I expect in the future you will have to be ranked by the Yang family to participate in Tai Chi competitions that involve them. The sad part is the best people in Tai Chi will probably ignore them and make winning one of those competitions worthless.

I wish them luck, and if things go good for them and they pursue it the right way we may be lucky and be able to tell a bunch of tree hugging yoga Tai Chi wannabees that they don't do Tai Chi and its something else. I don't really expect it to happen, but it might be nice to see. From what I read from them though they will embrace those individuals and then maybe the rest of us can then get on with the real Tai Chi. We will just have to wait and see how it goes.


----------



## Steel Tiger (Mar 5, 2007)

dmax999 said:


> I wish them luck, and if things go good for them and they pursue it the right way we may be lucky and be able to tell a bunch of tree hugging yoga Tai Chi wannabees that they don't do Tai Chi and its something else. I don't really expect it to happen, but it might be nice to see. From what I read from them though they will embrace those individuals and then maybe the rest of us can then get on with the real Tai Chi. We will just have to wait and see how it goes.


 
Ah yes! That most sublime of silver linings, telling new age wankers to wake up and stop annoying everyone else.  Sadly I don't really expect it to happen either.  It would be very strange indeed if the tree-hungers were the only ones doing *real* Yang taiji wouldn't it?


----------



## grydth (Mar 5, 2007)

I have heard rumors that there will soon be gradings for degree of "wankers"... any word on this? 

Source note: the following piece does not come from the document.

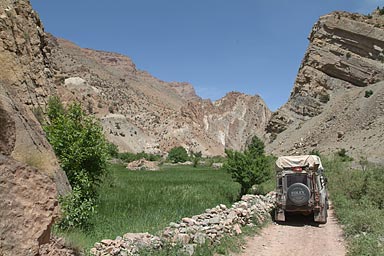 Land Rover and Valley and field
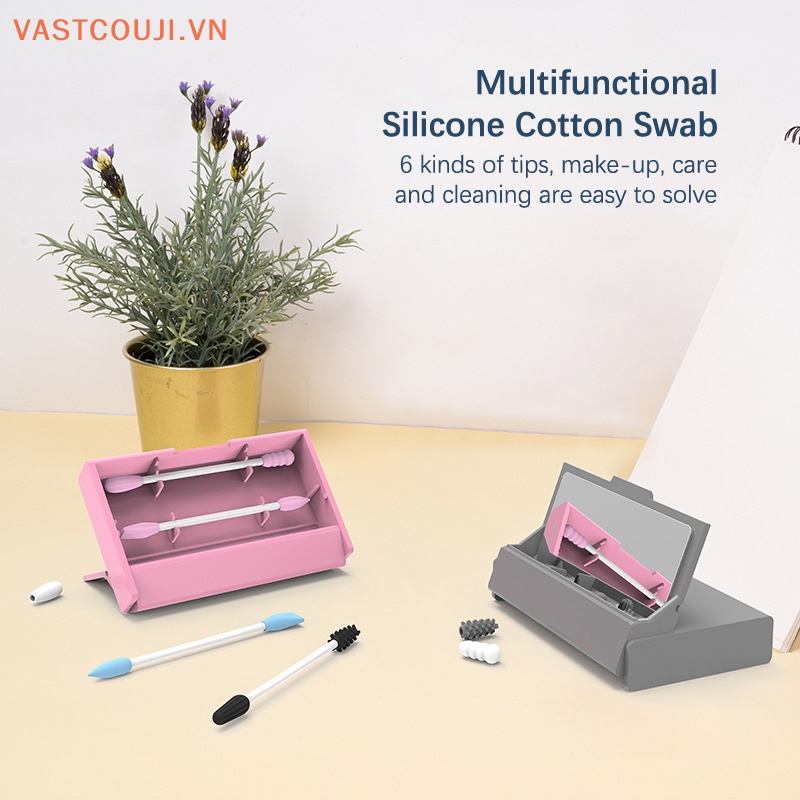 Set 2 Tăm Bông Cotton Có Thể Tái Sử Dụng Tiện Lợi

In the meantime, you've given me an idea for a new thread to upset everyone with....:soapbox:


----------



## East Winds (Mar 6, 2007)

It is interesting to read some posts here which seem to suggest  that by introducing gradings, the Yang Family have suddenly diluted their teachings. Why would the introduction of a grading system degrade Traditional Yang Family taijiquan? So far I have not seen anyone giving such an explanation.
Incidentally I do not speak for the Yang Family, not do I necessarily agree that gradings are a requirement in any Taiji system. 

Very best wishes


----------



## Jade Tigress (Mar 6, 2007)

*Attention All Users

Please keep the conversation polite and respectful.

Pamela Piszczek
MT Super Moderator*


----------



## dmax999 (Mar 7, 2007)

East Winds said:


> It is interesting to read some posts here which seem to suggest that by introducing gradings, the Yang Family have suddenly diluted their teachings. Why would the introduction of a grading system degrade Traditional Yang Family taijiquan? So far I have not seen anyone giving such an explanation.
> Incidentally I do not speak for the Yang Family, not do I necessarily agree that gradings are a requirement in any Taiji system.


 
I hope I did not imply this. I don't think the ranking will affect the quality of their teaching, but I do think it will change the quality of their students. I was only attempting to point out some possibilities, and I am personally hoping for their changes to improve Tai Chi for everyone. The problem of them making the changes required to gain a better "work ethic" of students will dissuade many other students. If the ranking system is just a money making scheme for them, as others have suggested, then the positivie outcome will not be the one we see.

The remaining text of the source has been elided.